DATASET ENTRIES —
+++++
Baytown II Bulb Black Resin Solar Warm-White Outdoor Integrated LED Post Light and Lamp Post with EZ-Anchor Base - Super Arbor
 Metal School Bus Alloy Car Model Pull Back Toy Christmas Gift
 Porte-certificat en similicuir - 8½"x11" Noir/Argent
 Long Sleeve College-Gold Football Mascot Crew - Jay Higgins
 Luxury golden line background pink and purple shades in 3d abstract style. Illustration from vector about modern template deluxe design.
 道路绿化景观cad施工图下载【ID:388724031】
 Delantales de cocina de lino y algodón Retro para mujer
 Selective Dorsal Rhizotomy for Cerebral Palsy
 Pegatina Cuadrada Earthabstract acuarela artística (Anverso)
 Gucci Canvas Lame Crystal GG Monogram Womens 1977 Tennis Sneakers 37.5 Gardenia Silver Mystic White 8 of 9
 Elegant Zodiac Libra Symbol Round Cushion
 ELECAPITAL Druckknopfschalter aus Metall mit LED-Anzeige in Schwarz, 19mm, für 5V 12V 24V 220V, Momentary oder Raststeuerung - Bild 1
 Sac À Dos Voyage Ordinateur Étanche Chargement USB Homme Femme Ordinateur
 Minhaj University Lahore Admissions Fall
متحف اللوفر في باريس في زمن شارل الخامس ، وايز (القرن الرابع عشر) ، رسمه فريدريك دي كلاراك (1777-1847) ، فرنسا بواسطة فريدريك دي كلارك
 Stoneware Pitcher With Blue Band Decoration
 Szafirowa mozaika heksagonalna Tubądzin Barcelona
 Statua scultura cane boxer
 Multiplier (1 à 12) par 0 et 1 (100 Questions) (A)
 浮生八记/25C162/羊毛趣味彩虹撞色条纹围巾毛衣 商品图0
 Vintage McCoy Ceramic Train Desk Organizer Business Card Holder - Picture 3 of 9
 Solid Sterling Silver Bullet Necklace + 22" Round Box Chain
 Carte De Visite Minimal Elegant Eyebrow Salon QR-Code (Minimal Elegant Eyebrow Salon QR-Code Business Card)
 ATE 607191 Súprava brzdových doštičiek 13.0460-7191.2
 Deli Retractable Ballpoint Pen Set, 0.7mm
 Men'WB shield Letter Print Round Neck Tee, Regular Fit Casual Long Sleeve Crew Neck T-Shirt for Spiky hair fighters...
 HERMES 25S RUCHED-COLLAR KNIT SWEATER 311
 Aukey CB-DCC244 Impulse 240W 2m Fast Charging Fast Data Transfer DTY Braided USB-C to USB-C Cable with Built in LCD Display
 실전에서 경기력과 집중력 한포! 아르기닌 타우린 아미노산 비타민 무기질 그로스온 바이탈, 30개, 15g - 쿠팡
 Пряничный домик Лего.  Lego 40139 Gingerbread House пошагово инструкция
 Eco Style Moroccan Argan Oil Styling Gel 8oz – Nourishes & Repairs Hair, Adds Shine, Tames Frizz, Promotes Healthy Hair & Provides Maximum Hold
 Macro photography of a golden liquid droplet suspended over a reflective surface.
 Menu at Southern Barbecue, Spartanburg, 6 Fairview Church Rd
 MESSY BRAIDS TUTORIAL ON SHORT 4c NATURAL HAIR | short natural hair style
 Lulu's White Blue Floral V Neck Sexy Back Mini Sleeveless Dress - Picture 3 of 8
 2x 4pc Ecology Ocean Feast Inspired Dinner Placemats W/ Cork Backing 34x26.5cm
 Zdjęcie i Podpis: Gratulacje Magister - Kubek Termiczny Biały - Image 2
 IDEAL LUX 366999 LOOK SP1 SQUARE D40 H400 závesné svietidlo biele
+++++
EXERCISE PROMPT —
Write the records out precisely, omitting nothing.

ANSWER —
Baytown II Bulb Black Resin Solar Warm-White Outdoor Integrated LED Post Light and Lamp Post with EZ-Anchor Base - Super Arbor
 Metal School Bus Alloy Car Model Pull Back Toy Christmas Gift
 Porte-certificat en similicuir - 8½"x11" Noir/Argent
 Long Sleeve College-Gold Football Mascot Crew - Jay Higgins
 Luxury golden line background pink and purple shades in 3d abstract style. Illustration from vector about modern template deluxe design.
 道路绿化景观cad施工图下载【ID:388724031】
 Delantales de cocina de lino y algodón Retro para mujer
 Selective Dorsal Rhizotomy for Cerebral Palsy
 Pegatina Cuadrada Earthabstract acuarela artística (Anverso)
 Gucci Canvas Lame Crystal GG Monogram Womens 1977 Tennis Sneakers 37.5 Gardenia Silver Mystic White 8 of 9
 Elegant Zodiac Libra Symbol Round Cushion
 ELECAPITAL Druckknopfschalter aus Metall mit LED-Anzeige in Schwarz, 19mm, für 5V 12V 24V 220V, Momentary oder Raststeuerung - Bild 1
 Sac À Dos Voyage Ordinateur Étanche Chargement USB Homme Femme Ordinateur
 Minhaj University Lahore Admissions Fall
متحف اللوفر في باريس في زمن شارل الخامس ، وايز (القرن الرابع عشر) ، رسمه فريدريك دي كلاراك (1777-1847) ، فرنسا بواسطة فريدريك دي كلارك
 Stoneware Pitcher With Blue Band Decoration
 Szafirowa mozaika heksagonalna Tubądzin Barcelona
 Statua scultura cane boxer
 Multiplier (1 à 12) par 0 et 1 (100 Questions) (A)
 浮生八记/25C162/羊毛趣味彩虹撞色条纹围巾毛衣 商品图0
 Vintage McCoy Ceramic Train Desk Organizer Business Card Holder - Picture 3 of 9
 Solid Sterling Silver Bullet Necklace + 22" Round Box Chain
 Carte De Visite Minimal Elegant Eyebrow Salon QR-Code (Minimal Elegant Eyebrow Salon QR-Code Business Card)
 ATE 607191 Súprava brzdových doštičiek 13.0460-7191.2
 Deli Retractable Ballpoint Pen Set, 0.7mm
 Men'WB shield Letter Print Round Neck Tee, Regular Fit Casual Long Sleeve Crew Neck T-Shirt for Spiky hair fighters...
 HERMES 25S RUCHED-COLLAR KNIT SWEATER 311
 Aukey CB-DCC244 Impulse 240W 2m Fast Charging Fast Data Transfer DTY Braided USB-C to USB-C Cable with Built in LCD Display
 실전에서 경기력과 집중력 한포! 아르기닌 타우린 아미노산 비타민 무기질 그로스온 바이탈, 30개, 15g - 쿠팡
 Пряничный домик Лего.  Lego 40139 Gingerbread House пошагово инструкция
 Eco Style Moroccan Argan Oil Styling Gel 8oz – Nourishes & Repairs Hair, Adds Shine, Tames Frizz, Promotes Healthy Hair & Provides Maximum Hold
 Macro photography of a golden liquid droplet suspended over a reflective surface.
 Menu at Southern Barbecue, Spartanburg, 6 Fairview Church Rd
 MESSY BRAIDS TUTORIAL ON SHORT 4c NATURAL HAIR | short natural hair style
 Lulu's White Blue Floral V Neck Sexy Back Mini Sleeveless Dress - Picture 3 of 8
 2x 4pc Ecology Ocean Feast Inspired Dinner Placemats W/ Cork Backing 34x26.5cm
 Zdjęcie i Podpis: Gratulacje Magister - Kubek Termiczny Biały - Image 2
 IDEAL LUX 366999 LOOK SP1 SQUARE D40 H400 závesné svietidlo biele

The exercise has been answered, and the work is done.